▶ _Work task_:
An exact reproduction of the listing is wanted, with the pictures dropped.

▶ _Supplied material_:
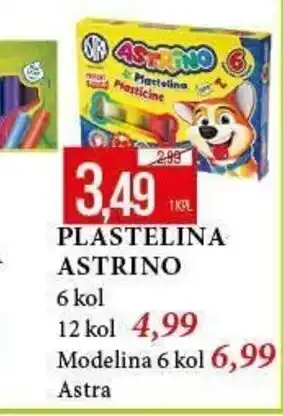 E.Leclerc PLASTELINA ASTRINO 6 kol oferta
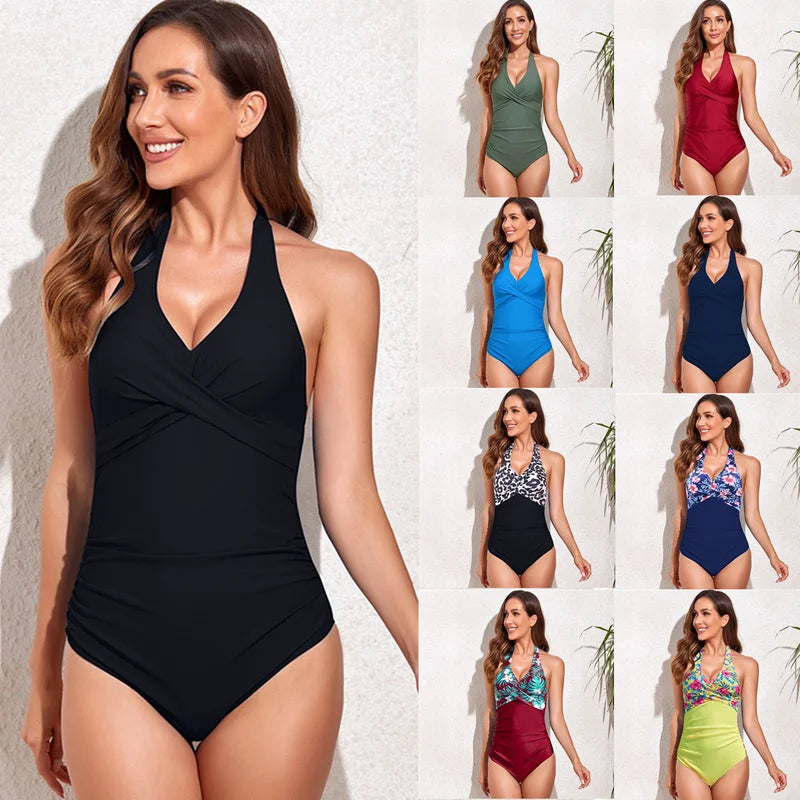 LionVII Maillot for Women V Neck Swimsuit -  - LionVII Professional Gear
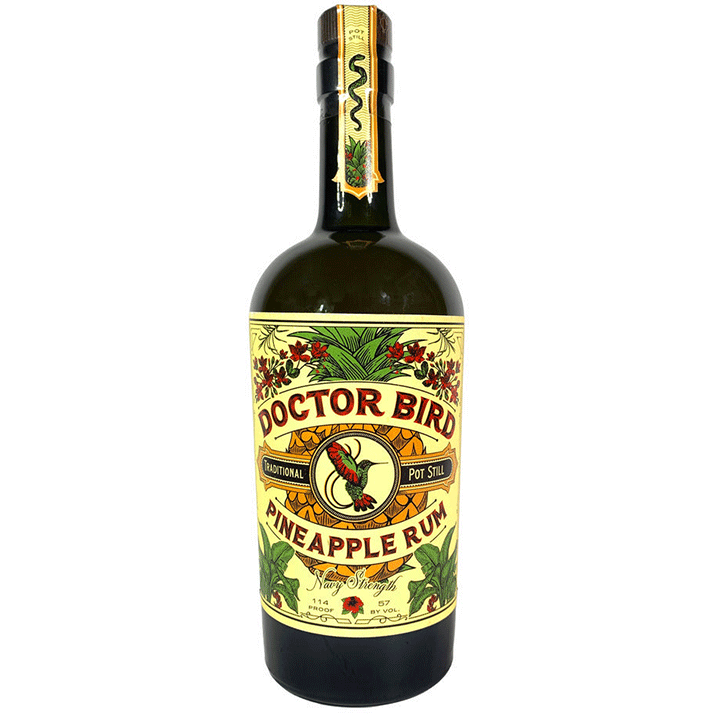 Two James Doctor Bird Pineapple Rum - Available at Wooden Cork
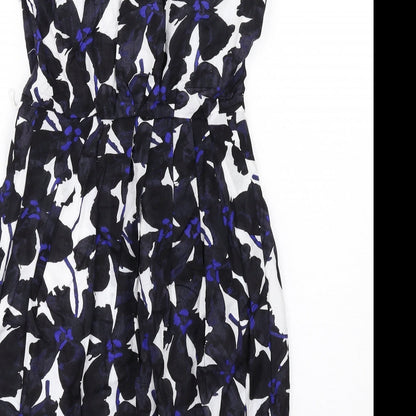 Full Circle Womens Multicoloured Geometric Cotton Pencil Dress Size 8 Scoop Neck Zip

▶ _Reply_:
 E.Leclerc PLASTELINA ASTRINO 6 kol oferta
 LionVII Maillot for Women V Neck Swimsuit -  - LionVII Professional Gear
 Two James Doctor Bird Pineapple Rum - Available at Wooden Cork
 Full Circle Womens Multicoloured Geometric Cotton Pencil Dress Size 8 Scoop Neck Zip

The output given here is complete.